I have an odd scenario in my data analysis and I'm not sure what is causing it. I have a large set of tuples $(Y_1, X_i) \dots, (Y_N, X_N)$ where $Y_i$ is a random vector from some arbitrary distribution (might not be normal) and $X_i$ is a vector denoting group membership such that $X_i \in [0,1,2]$. The length of the vectors are 200. I shuffle these vectors independently and observe uniform analytical OLS p-values for $\hat{\beta}$ as expected under the null. Then I run robust standard errors using this same shuffled dataset and observe extreme inflation in p-values. I am using the statsmodels package in Python to compute robust errors as follows
model_ols = sm.OLS(y, sm.add_constant(x)).fit(cov_type='HC3')

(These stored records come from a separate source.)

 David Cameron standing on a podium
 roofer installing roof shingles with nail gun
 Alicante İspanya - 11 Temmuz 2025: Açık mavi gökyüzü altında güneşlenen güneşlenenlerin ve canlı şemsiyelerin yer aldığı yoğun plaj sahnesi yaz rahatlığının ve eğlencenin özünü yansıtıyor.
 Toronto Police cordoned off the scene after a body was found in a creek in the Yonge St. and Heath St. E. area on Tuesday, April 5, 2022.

I'm not sure why this would be the case. Here are some observations about my data:
- The distribution of each vector $Y_i$ roughly follows a beta distribution. It can be Gaussian like at a mean of 0.5 and skewed at a mean of 0.9 or 0.1.

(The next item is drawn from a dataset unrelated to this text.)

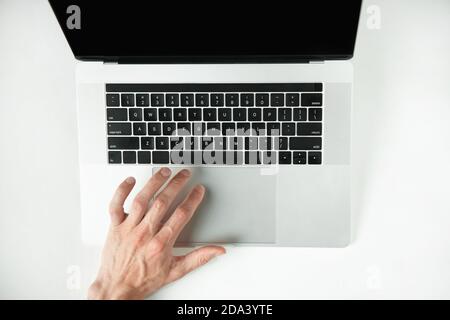 top view. casual man using the touchpad . Stock Photo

- The groups denote in $X_i$ can be heavily imbalanced.
- The variance per group is highly variable (i.e. heteroskedastic).
- The estimates for $\hat{\beta}$ are indeed identical for both runs. I know $\hat{\beta}$ is unbiased so this is expected.
- I've confirmed the standard errors reported by the statsmodels is identical (negligible numerical imprecision difference) to the jackknife standard error.
I suppose to simplify the question in broader terms: when would OLS control type I error under the null but robust errors result in poor type I error control on the same data?